Short descriptive text snippets:

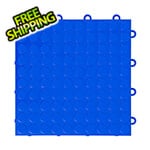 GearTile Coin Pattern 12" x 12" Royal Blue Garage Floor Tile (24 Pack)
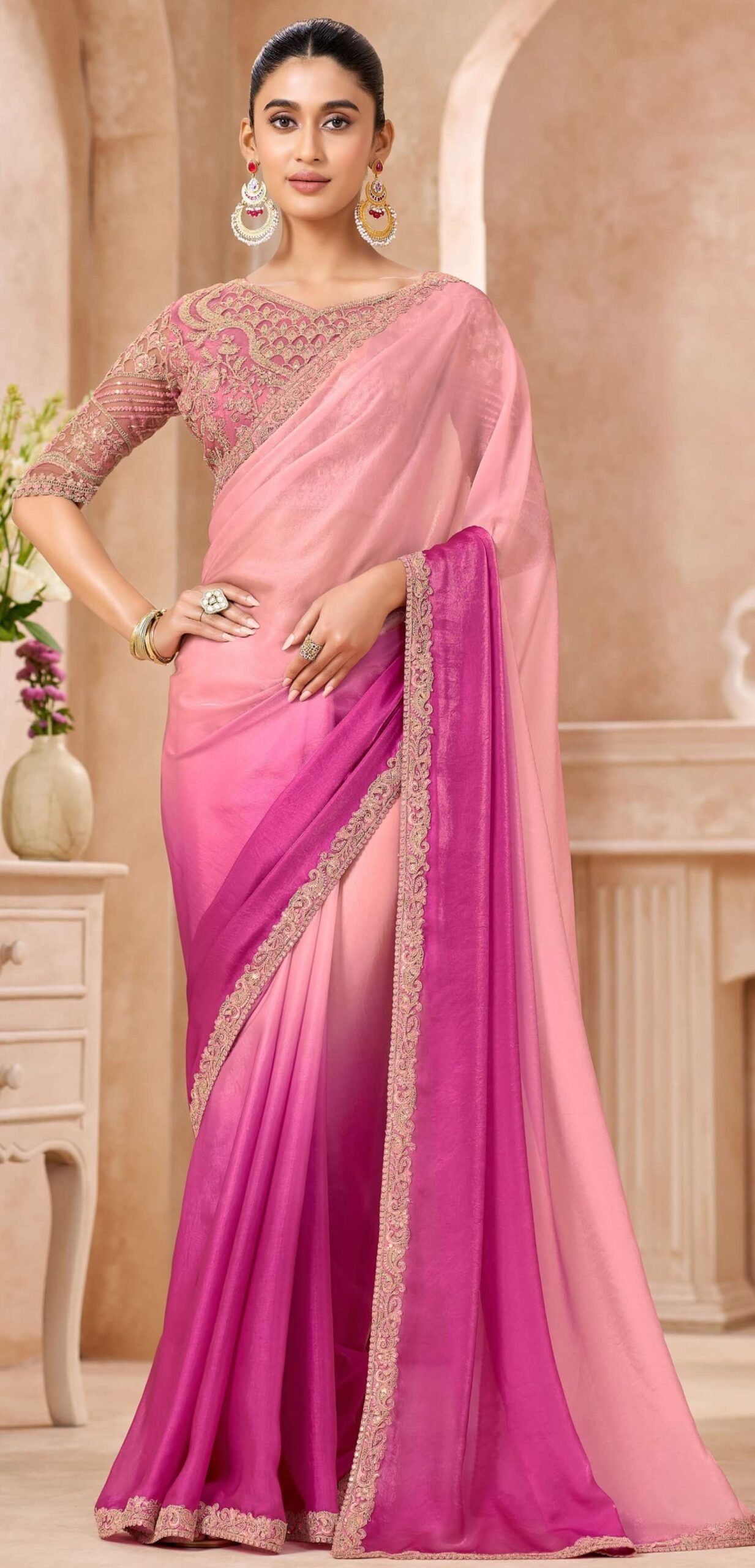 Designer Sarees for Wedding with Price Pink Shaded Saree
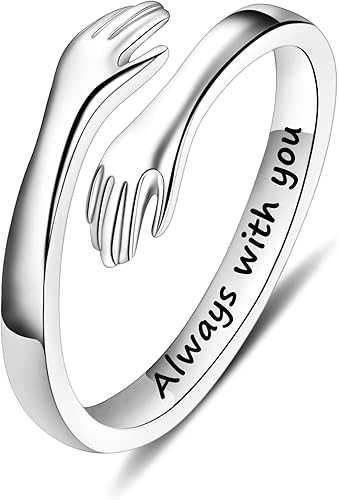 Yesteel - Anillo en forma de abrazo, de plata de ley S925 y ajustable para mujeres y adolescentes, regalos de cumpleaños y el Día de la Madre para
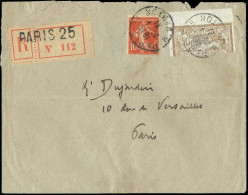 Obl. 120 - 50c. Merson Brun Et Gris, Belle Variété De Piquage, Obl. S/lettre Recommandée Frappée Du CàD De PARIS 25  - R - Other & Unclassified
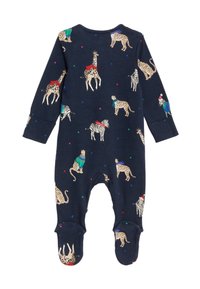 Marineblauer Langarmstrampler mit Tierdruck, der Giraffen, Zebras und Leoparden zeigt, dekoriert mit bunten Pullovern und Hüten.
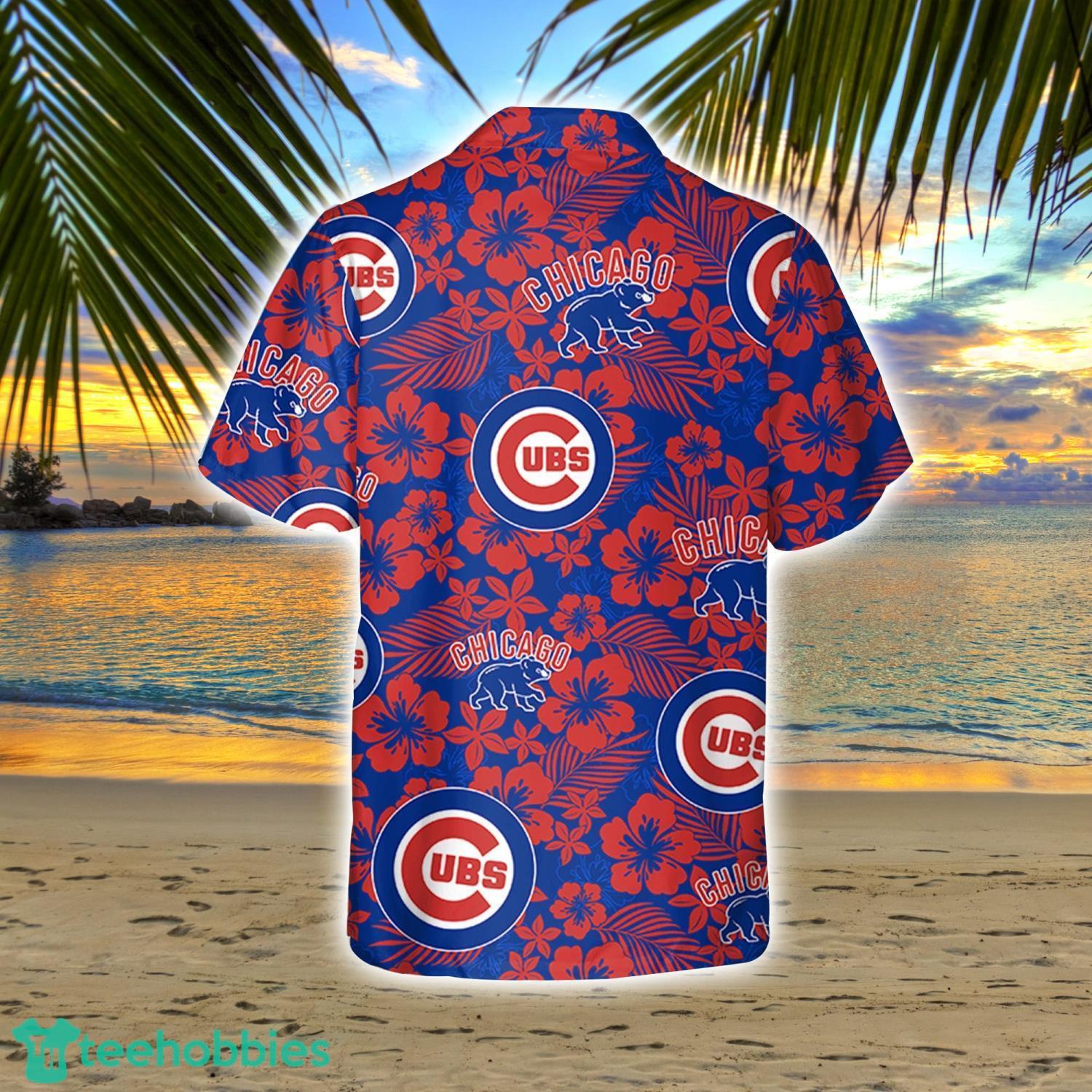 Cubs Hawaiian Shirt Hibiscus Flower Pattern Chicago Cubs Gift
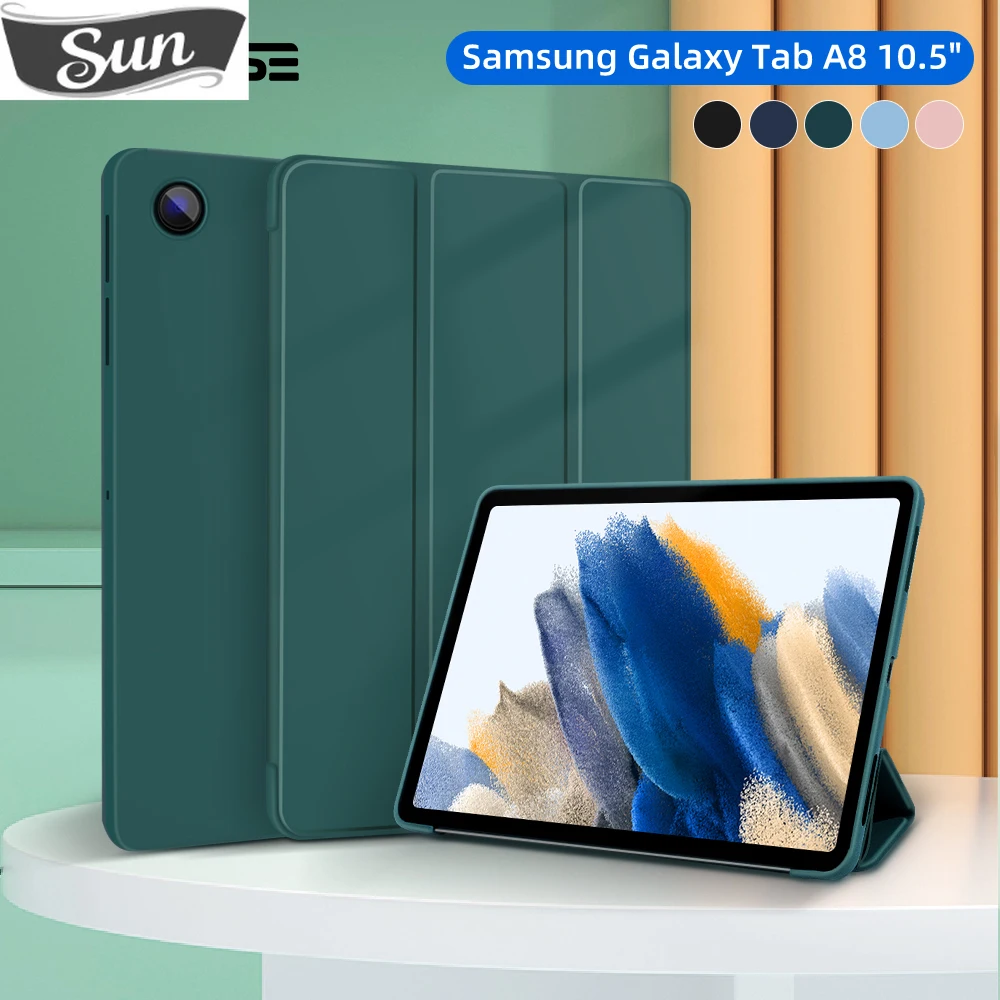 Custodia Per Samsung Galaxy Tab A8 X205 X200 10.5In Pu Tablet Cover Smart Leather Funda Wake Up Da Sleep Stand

*ACTIVITY:* Please print the data above once more, exactly and without images.

*COMPLETED EXERCISE:*
 GearTile Coin Pattern 12" x 12" Royal Blue Garage Floor Tile (24 Pack)
 Designer Sarees for Wedding with Price Pink Shaded Saree
 Yesteel - Anillo en forma de abrazo, de plata de ley S925 y ajustable para mujeres y adolescentes, regalos de cumpleaños y el Día de la Madre para
 Obl. 120 - 50c. Merson Brun Et Gris, Belle Variété De Piquage, Obl. S/lettre Recommandée Frappée Du CàD De PARIS 25  - R - Other & Unclassified
 Marineblauer Langarmstrampler mit Tierdruck, der Giraffen, Zebras und Leoparden zeigt, dekoriert mit bunten Pullovern und Hüten.
 Cubs Hawaiian Shirt Hibiscus Flower Pattern Chicago Cubs Gift
 Custodia Per Samsung Galaxy Tab A8 X205 X200 10.5In Pu Tablet Cover Smart Leather Funda Wake Up Da Sleep Stand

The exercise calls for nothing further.